If all of above steps are still ok, confirm further by

checking whether Pod containerPort is same with Service containerPort
checking whether podIP:containerPort is working

Further, there are also other reasons could also cause service problems.
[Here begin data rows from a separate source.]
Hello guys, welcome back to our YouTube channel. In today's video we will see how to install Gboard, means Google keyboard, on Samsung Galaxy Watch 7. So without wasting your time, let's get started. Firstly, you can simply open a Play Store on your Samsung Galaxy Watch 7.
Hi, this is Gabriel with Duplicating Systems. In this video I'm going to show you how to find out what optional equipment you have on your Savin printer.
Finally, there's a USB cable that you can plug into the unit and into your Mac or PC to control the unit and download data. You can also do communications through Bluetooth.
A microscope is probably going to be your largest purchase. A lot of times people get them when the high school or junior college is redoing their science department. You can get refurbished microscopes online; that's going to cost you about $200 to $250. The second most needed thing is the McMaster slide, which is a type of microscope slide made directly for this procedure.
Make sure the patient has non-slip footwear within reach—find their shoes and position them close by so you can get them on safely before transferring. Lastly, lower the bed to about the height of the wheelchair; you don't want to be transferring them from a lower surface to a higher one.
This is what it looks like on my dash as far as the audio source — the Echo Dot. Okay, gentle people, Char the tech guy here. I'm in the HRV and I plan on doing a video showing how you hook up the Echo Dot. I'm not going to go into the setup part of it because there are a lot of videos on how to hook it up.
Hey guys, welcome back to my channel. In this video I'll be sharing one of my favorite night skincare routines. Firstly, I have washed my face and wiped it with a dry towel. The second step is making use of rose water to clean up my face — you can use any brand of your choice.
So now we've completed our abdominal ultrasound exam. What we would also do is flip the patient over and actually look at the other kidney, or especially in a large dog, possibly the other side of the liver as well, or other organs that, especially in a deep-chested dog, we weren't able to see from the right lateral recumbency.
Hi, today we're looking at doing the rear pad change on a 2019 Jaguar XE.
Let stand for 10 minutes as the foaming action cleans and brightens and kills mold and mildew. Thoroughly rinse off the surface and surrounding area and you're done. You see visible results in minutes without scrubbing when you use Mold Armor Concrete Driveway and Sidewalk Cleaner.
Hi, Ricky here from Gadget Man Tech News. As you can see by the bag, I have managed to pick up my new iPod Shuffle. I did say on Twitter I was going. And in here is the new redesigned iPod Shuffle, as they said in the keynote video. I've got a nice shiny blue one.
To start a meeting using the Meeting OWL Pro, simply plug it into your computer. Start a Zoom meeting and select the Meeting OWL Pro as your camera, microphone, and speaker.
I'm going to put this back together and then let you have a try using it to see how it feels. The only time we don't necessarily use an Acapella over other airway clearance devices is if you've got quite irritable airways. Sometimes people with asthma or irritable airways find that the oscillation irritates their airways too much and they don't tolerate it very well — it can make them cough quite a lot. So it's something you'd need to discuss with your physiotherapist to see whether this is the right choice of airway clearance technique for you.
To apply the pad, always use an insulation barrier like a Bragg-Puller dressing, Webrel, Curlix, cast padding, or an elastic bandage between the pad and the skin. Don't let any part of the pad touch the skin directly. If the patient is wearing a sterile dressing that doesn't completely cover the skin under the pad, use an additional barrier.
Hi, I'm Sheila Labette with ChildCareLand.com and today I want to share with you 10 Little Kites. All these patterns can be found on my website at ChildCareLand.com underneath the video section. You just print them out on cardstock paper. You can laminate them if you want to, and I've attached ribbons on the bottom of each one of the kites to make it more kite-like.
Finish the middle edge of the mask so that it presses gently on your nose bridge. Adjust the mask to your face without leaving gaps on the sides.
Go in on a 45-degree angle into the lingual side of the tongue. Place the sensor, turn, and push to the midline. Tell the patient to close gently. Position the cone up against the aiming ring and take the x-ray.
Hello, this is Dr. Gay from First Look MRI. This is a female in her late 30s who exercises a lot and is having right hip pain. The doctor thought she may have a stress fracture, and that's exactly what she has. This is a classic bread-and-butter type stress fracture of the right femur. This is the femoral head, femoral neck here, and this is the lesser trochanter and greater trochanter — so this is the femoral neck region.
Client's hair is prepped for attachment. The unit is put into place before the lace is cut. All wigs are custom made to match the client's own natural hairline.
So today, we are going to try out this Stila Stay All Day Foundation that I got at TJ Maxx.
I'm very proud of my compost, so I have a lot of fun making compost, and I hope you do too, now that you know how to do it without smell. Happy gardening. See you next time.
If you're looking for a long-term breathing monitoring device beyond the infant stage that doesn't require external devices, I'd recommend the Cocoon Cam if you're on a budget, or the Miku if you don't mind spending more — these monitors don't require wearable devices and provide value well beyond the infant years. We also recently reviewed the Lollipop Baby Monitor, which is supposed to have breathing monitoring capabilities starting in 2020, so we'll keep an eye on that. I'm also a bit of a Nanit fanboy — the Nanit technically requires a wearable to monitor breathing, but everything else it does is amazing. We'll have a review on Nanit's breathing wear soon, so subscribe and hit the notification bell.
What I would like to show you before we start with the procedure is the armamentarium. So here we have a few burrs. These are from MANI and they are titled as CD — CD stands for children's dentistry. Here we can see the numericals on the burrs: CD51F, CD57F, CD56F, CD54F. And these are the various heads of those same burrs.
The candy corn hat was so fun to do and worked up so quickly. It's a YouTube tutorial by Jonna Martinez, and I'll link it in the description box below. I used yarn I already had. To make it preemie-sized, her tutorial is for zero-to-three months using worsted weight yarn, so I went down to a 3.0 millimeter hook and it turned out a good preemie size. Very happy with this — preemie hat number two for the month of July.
Reasons include:

container is not listening to specified containerPort (check pod description again)
CNI plugin error or network route error
kube-proxy is not running or iptables rules are not configured correctly

Normally, following iptables should be created for a service named hostnames:

$ iptables-save | grep hostnames
-A KUBE-SEP-57KPRZ3JQVENLNBR -s 10.244.3.6/32 -m comment --comment "default/hostnames:" -j MARK --set-xmark 0x00004000/0x00004000
-A KUBE-SEP-57KPRZ3JQVENLNBR -p tcp -m comment --comment "default/hostnames:" -m tcp -j DNAT --to-destination 10.244.3.6:9376
-A KUBE-SEP-WNBA2IHDGP2BOBGZ -s 10.244.1.7/32 -m comment --comment "default/hostnames:" -j MARK --set-xmark 0x00004000/0x00004000
-A KUBE-SEP-WNBA2IHDGP2BOBGZ -p tcp -m comment --comment "default/hostnames:" -m tcp -j DNAT --to-destination 10.244.1.7:9376
-A KUBE-SEP-X3P2623AGDH6CDF3 -s 10.244.2.3/32 -m comment --comment "default/hostnames:" -j MARK --set-xmark 0x00004000/0x00004000
-A KUBE-SEP-X3P2623AGDH6CDF3 -p tcp -m comment --comment "default/hostnames:" -m tcp -j DNAT --to-destination 10.244.2.3:9376
-A KUBE-SERVICES -d 10.0.1.175/32 -p tcp -m comment --comment "default/hostnames: cluster IP" -m tcp --dport 80 -j KUBE-SVC-NWV5X2332I4OT4T3
-A KUBE-SVC-NWV5X2332I4OT4T3 -m comment --comment "default/hostnames:" -m statistic --mode random --probability 0.33332999982 -j KUBE-SEP-WNBA2IHDGP2BOBGZ
-A KUBE-SVC-NWV5X2332I4OT4T3 -m comment --comment "default/hostnames:" -m statistic --mode random --probability 0.50000000000 -j KUBE-SEP-X3P2623AGDH6CDF3
-A KUBE-SVC-NWV5X2332I4OT4T3 -m comment --comment "default/hostnames:" -j KUBE-SEP-57KPRZ3JQVENLNBR

There should be 1 rule in KUBE-SERVICES, 1 or 2 rules per endpoint in KUBE-SVC-(hash) (depending on SessionAffinity), one KUBE-SEP-(hash) chain per endpoint, and a few rules in each KUBE-SEP-(hash) chain. The exact rules will vary based on your exact config (including node-ports and load-balancers).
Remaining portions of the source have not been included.